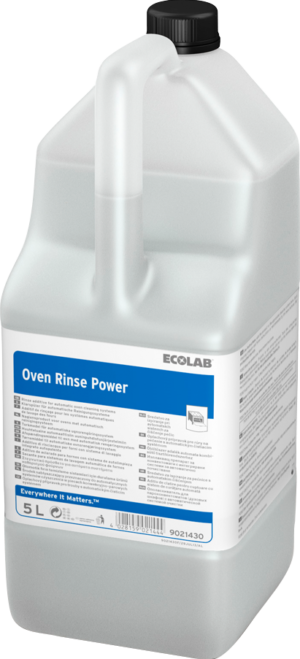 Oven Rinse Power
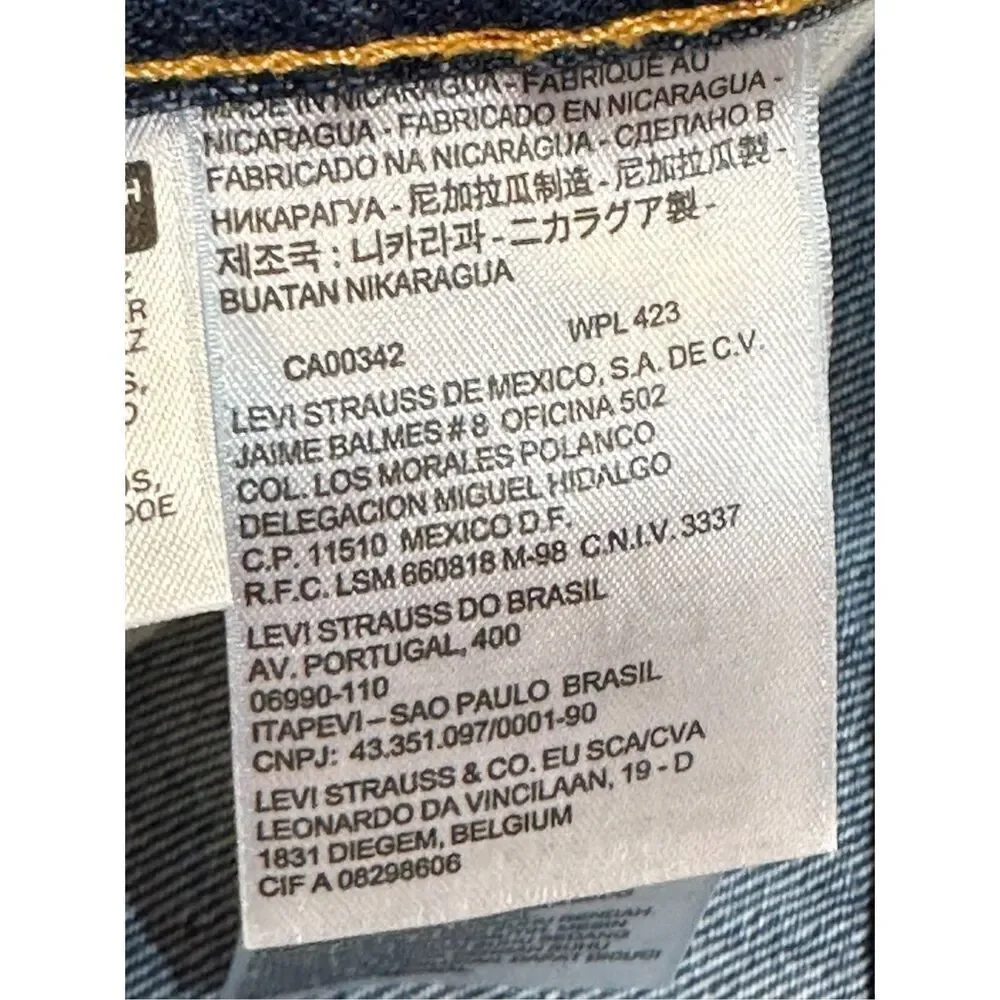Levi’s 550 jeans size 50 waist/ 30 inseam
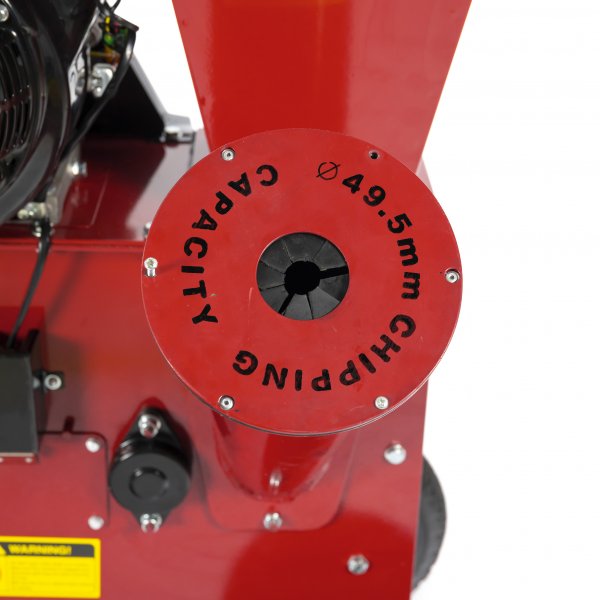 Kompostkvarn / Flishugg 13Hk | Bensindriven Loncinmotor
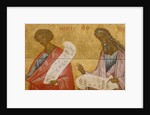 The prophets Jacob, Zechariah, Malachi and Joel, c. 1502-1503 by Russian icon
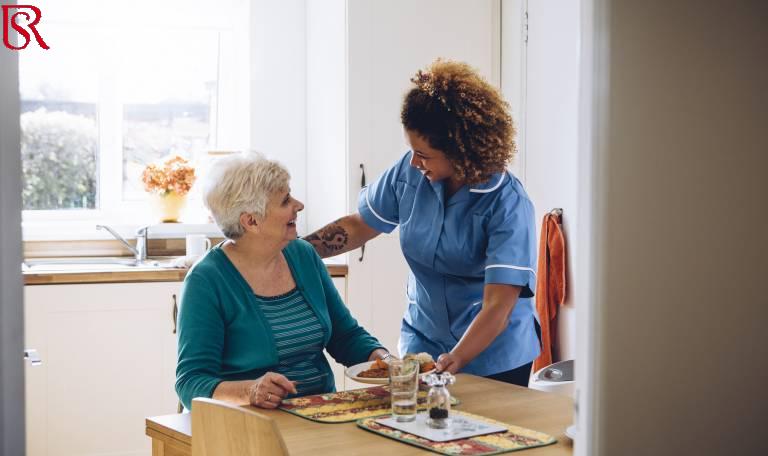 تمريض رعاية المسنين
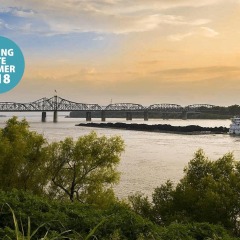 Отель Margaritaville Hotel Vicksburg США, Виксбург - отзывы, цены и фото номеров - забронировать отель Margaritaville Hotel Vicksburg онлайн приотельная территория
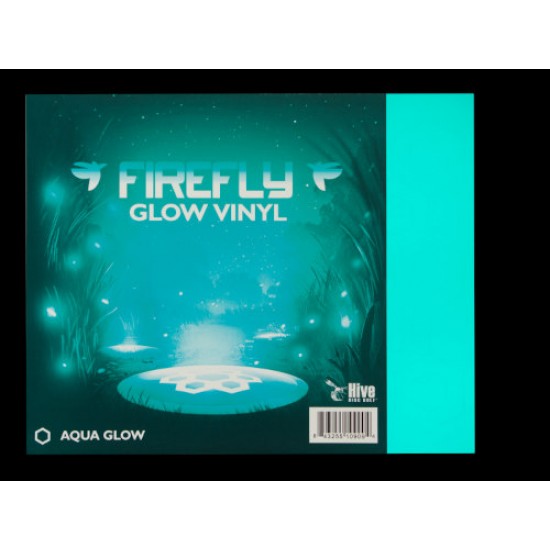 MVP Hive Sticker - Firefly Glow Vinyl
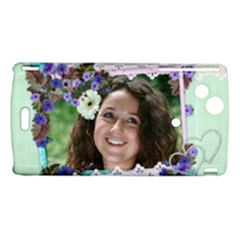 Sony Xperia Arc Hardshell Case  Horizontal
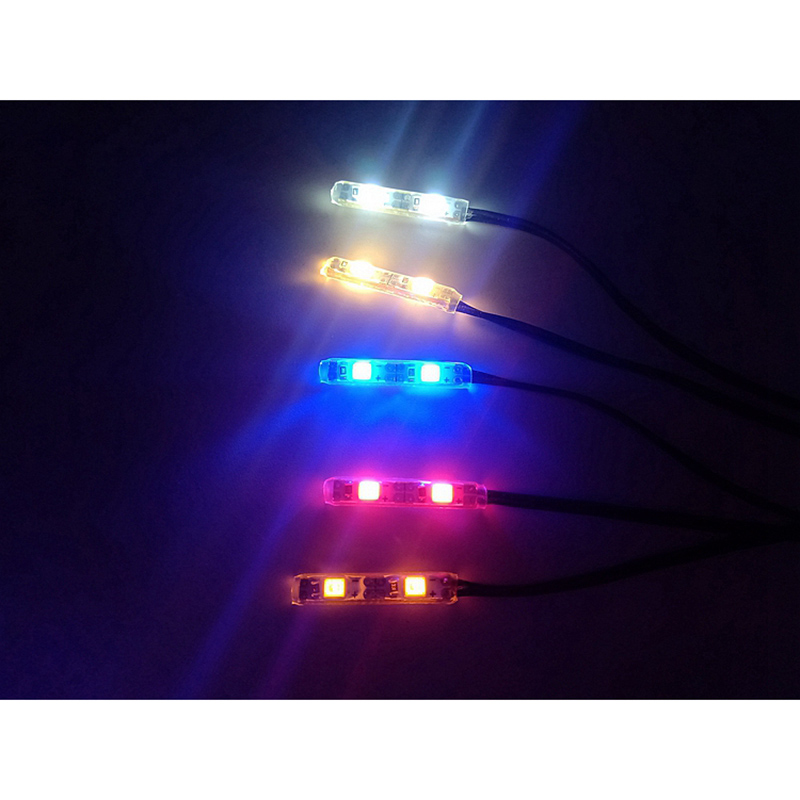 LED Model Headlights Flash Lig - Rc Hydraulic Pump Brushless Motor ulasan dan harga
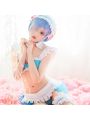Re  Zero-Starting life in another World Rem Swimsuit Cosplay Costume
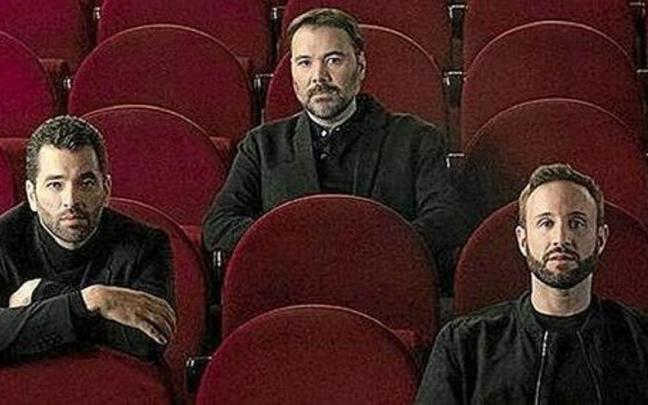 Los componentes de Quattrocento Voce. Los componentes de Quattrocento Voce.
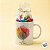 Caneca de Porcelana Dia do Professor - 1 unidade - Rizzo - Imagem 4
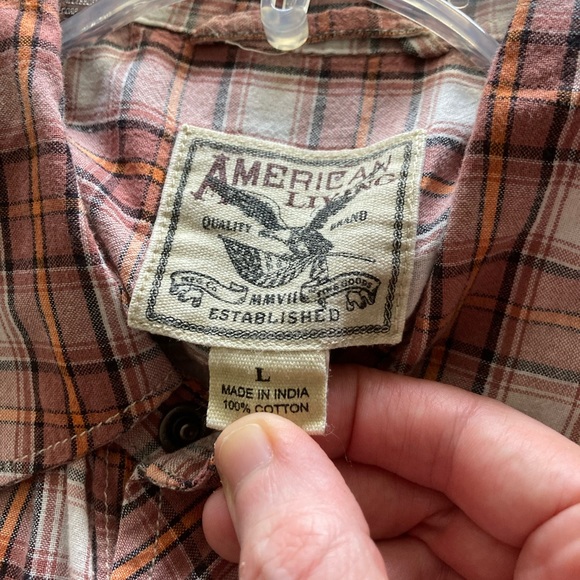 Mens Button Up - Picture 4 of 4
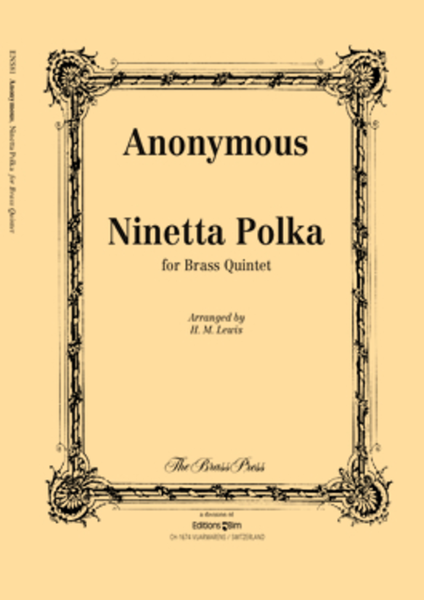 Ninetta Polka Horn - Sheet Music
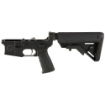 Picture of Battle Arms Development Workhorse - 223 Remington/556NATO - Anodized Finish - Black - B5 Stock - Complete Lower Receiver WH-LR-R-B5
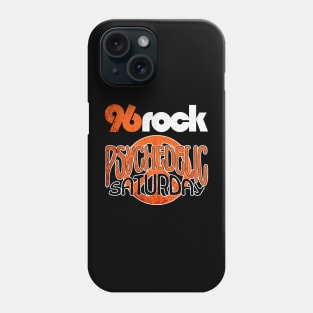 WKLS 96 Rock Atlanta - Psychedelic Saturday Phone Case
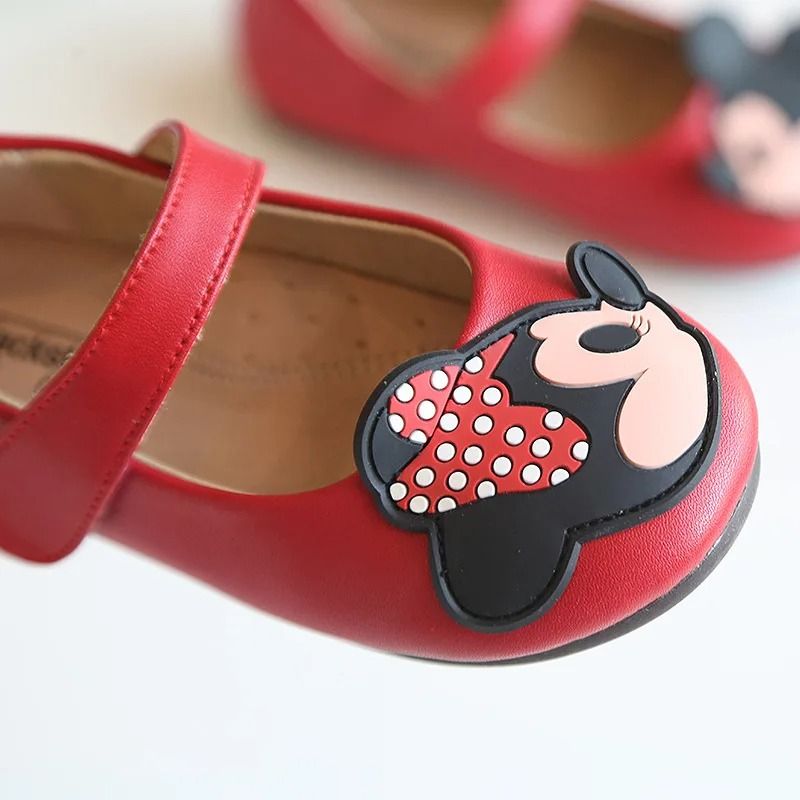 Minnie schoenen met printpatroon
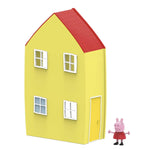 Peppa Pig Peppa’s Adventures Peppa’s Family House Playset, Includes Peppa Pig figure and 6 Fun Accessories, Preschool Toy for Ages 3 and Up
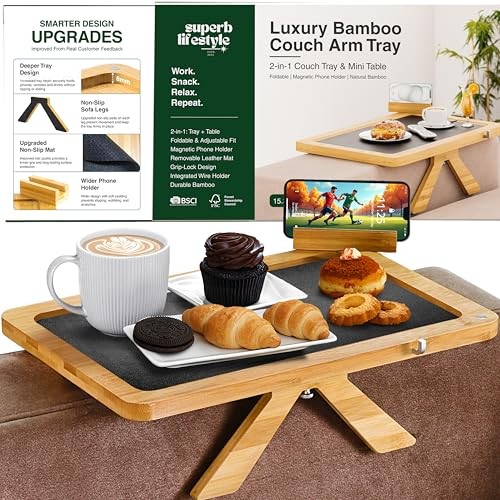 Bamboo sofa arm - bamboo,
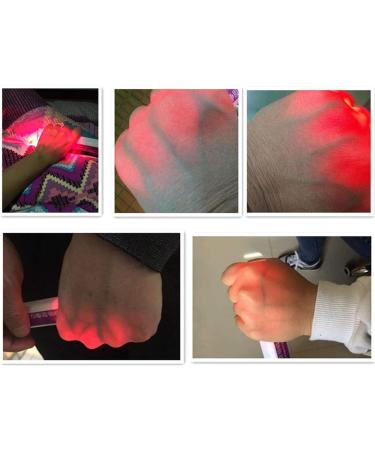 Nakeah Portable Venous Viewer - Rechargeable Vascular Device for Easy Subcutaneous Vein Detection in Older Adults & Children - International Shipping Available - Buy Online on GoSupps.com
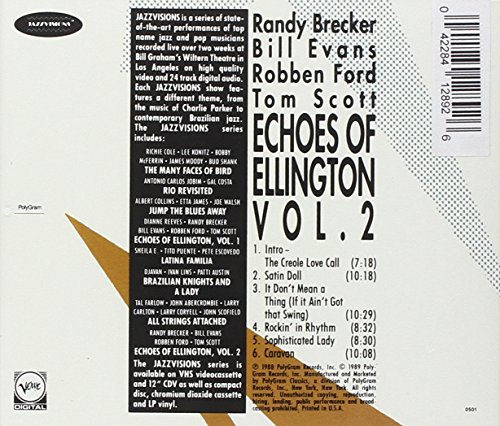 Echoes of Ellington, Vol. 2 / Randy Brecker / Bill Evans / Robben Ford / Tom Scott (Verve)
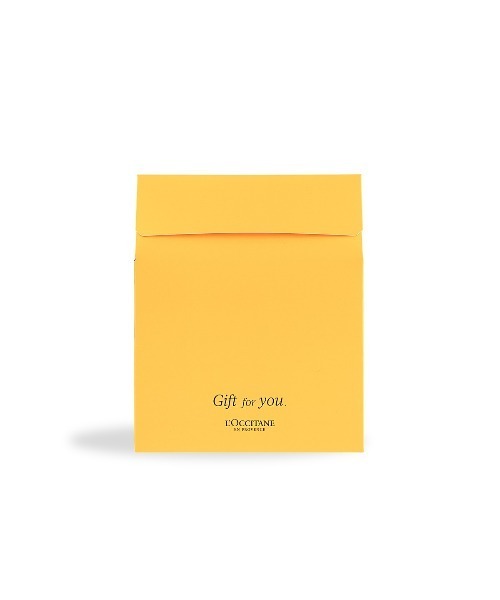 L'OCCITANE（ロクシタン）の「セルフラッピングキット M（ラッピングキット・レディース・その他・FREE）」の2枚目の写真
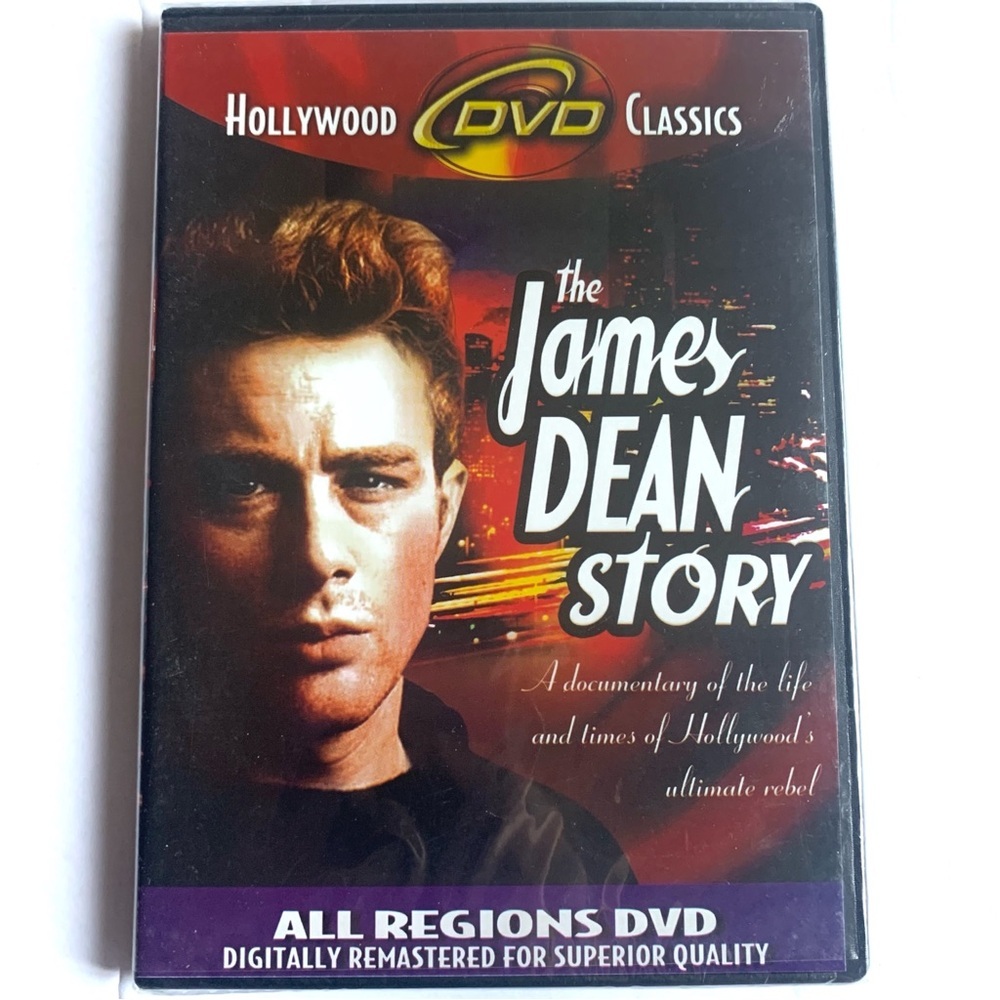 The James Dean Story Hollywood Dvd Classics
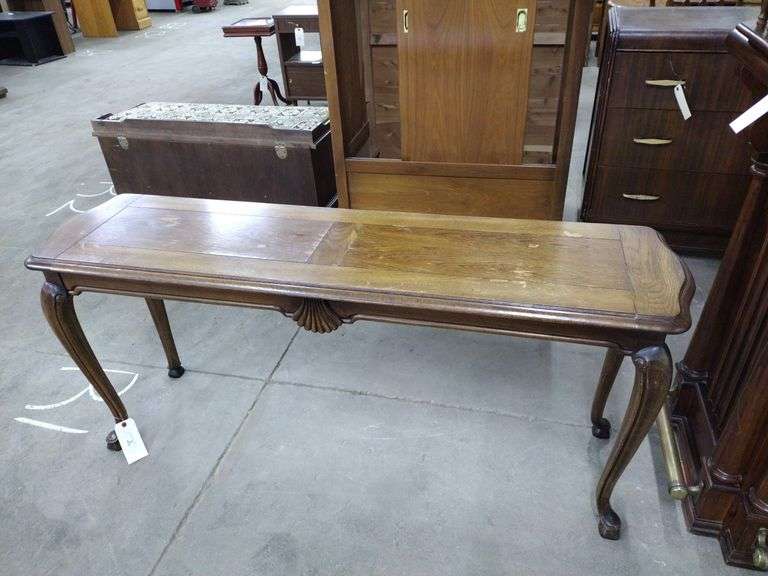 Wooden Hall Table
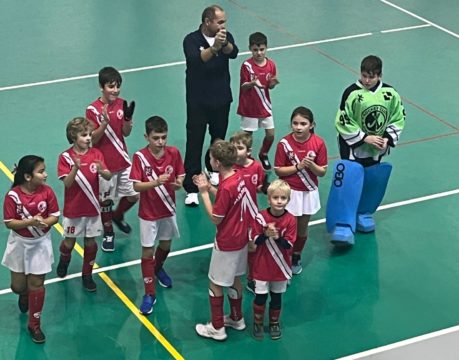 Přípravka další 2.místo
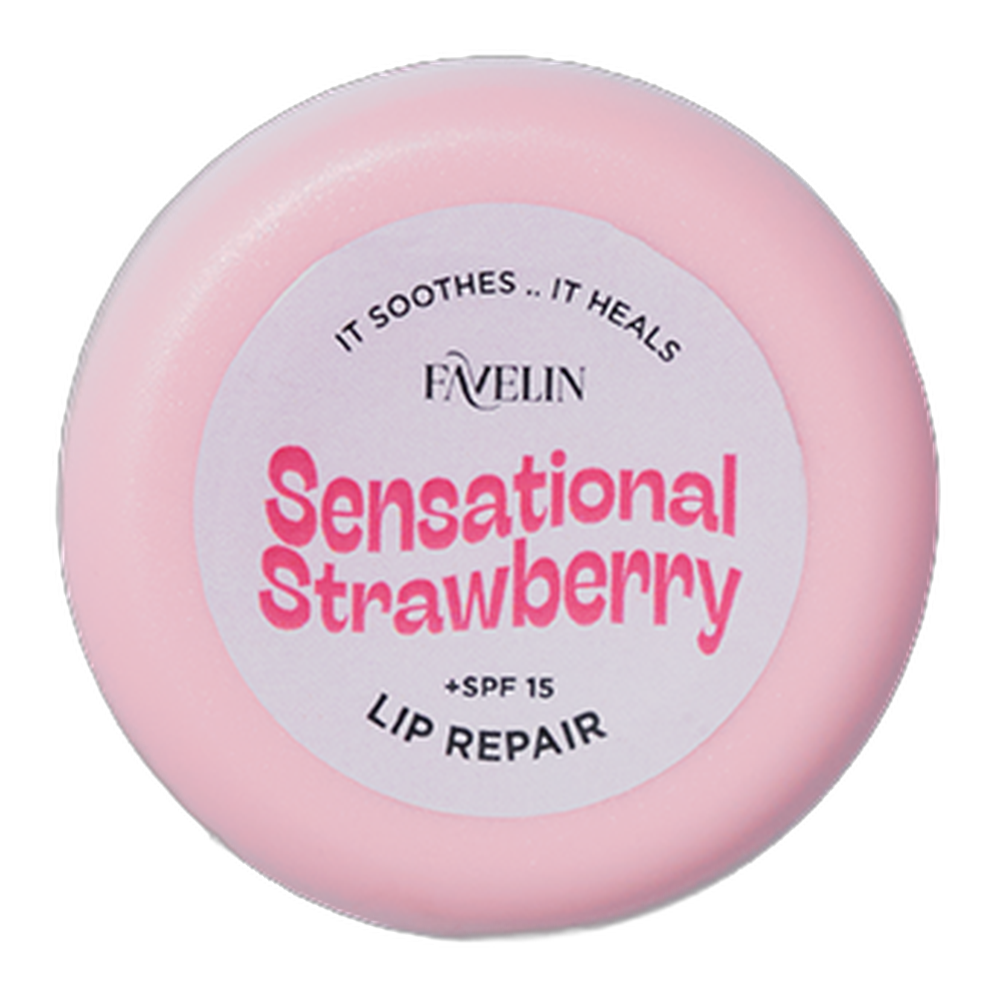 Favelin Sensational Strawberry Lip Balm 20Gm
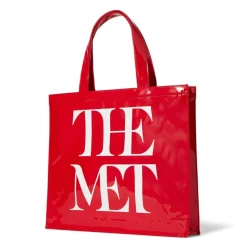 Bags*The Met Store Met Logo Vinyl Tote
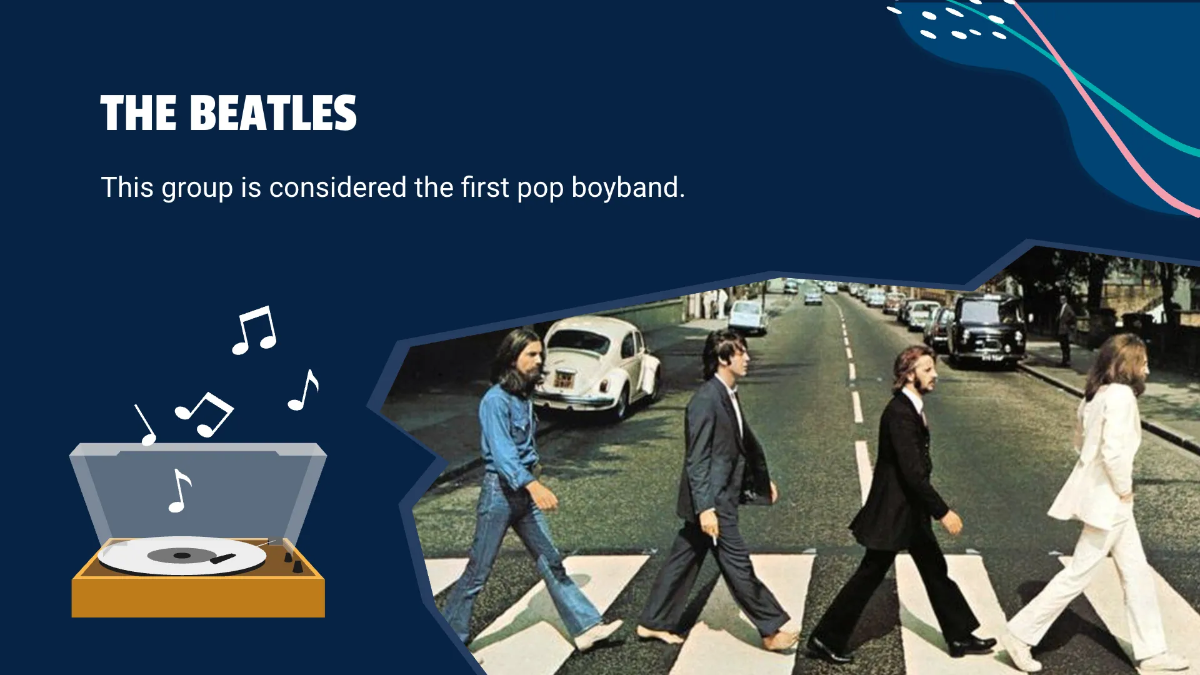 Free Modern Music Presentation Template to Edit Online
■ ■ ■ ■ ■ ■ ■
Would you print exactly the lines in the listing above, from the line bearing "Levi’s 550 jeans size 50 waist/ 30 inseam" through the line bearing "Los componentes de Quattrocento Voce. Los", leaving out all pictures?

Levi’s 550 jeans size 50 waist/ 30 inseam
 Kompostkvarn / Flishugg 13Hk | Bensindriven Loncinmotor
 The prophets Jacob, Zechariah, Malachi and Joel, c. 1502-1503 by Russian icon
 تمريض رعاية المسنين
 Отель Margaritaville Hotel Vicksburg США, Виксбург - отзывы, цены и фото номеров - забронировать отель Margaritaville Hotel Vicksburg онлайн приотельная территория
 MVP Hive Sticker - Firefly Glow Vinyl
 Sony Xperia Arc Hardshell Case  Horizontal
 LED Model Headlights Flash Lig - Rc Hydraulic Pump Brushless Motor ulasan dan harga
Re  Zero-Starting life in another World Rem Swimsuit Cosplay Costume
 Los componentes de Quattrocento Voce. Los componentes de Quattrocento Voce.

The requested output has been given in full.